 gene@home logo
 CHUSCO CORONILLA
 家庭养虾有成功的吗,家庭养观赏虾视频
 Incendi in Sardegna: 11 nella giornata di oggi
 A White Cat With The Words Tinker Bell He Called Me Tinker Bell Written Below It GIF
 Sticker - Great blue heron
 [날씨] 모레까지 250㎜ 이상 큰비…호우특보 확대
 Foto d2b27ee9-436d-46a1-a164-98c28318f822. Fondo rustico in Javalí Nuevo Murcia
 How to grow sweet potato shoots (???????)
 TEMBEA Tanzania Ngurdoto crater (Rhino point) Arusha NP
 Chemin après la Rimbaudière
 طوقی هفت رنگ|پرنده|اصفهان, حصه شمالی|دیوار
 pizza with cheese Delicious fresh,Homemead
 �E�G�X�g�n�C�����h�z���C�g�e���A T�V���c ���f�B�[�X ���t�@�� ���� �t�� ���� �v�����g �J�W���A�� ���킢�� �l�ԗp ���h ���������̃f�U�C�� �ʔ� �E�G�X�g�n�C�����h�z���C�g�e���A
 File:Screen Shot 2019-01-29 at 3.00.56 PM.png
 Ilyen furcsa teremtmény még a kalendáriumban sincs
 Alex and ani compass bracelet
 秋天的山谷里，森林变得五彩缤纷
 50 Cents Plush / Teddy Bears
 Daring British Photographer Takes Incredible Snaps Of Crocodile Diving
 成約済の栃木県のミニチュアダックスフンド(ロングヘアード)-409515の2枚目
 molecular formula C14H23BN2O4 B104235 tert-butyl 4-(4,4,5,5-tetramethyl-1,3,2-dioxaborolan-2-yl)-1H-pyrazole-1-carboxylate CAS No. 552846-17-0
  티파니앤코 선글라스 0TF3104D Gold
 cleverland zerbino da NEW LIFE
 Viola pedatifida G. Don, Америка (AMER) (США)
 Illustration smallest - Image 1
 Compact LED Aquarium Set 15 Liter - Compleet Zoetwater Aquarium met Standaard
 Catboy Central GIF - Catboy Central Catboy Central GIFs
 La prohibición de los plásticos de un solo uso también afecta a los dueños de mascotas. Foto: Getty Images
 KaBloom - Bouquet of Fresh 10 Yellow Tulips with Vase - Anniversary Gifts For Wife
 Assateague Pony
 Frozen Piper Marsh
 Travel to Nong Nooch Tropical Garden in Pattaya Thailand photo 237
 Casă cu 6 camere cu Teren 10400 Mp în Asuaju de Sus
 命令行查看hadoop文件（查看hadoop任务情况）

**********

__Work task__: Give back exactly the lines of the listing above that run from the line with "[날씨] 모레까지 250㎜ 이상 큰비…호우특보 확대" to the line with "Chemin après la Rimbaudière", inclusive.

__Exercise solution__:
 [날씨] 모레까지 250㎜ 이상 큰비…호우특보 확대
 Foto d2b27ee9-436d-46a1-a164-98c28318f822. Fondo rustico in Javalí Nuevo Murcia
 How to grow sweet potato shoots (???????)
 TEMBEA Tanzania Ngurdoto crater (Rhino point) Arusha NP
 Chemin après la Rimbaudière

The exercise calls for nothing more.